PROBLEM REQUIREMENTS |
Using the records below, write out again exactly the lines that begin at the line containing "Chart stock broker" and end at the line containing "1984 Diamond Back", and no other lines.

Brief descriptive captions:
• • • •

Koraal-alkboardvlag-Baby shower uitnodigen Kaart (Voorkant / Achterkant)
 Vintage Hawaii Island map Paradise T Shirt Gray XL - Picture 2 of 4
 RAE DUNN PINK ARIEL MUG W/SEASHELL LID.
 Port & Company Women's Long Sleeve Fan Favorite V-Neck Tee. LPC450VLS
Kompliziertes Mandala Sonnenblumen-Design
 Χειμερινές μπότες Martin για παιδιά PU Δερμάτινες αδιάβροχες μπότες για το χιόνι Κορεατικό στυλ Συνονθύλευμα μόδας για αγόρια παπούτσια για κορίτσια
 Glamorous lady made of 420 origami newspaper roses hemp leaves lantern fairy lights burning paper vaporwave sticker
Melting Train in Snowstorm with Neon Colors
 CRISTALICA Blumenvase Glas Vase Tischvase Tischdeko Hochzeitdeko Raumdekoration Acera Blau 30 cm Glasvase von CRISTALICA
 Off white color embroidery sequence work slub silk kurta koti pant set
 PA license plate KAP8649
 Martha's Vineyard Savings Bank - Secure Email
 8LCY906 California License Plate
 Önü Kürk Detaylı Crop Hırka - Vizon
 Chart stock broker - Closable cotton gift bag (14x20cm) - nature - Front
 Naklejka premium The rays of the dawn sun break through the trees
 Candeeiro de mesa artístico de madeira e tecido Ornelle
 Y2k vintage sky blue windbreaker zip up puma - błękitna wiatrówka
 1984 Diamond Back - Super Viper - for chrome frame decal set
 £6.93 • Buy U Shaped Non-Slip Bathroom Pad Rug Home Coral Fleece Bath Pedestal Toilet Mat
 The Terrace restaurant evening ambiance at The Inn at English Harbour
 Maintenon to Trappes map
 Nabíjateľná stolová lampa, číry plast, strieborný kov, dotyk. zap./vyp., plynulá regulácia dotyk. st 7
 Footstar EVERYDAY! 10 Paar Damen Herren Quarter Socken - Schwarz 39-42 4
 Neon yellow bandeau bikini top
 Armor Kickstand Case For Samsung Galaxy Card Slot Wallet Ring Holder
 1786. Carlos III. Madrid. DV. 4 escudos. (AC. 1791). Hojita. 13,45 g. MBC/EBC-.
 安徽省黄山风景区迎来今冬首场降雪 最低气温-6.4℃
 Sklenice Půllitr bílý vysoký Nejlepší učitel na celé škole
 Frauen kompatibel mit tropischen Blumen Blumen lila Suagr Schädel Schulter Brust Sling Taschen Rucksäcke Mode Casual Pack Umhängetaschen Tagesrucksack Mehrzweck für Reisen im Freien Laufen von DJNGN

• • • •

REPLY |
 Chart stock broker - Closable cotton gift bag (14x20cm) - nature - Front
 Naklejka premium The rays of the dawn sun break through the trees
 Candeeiro de mesa artístico de madeira e tecido Ornelle
 Y2k vintage sky blue windbreaker zip up puma - błękitna wiatrówka
 1984 Diamond Back - Super Viper - for chrome frame decal set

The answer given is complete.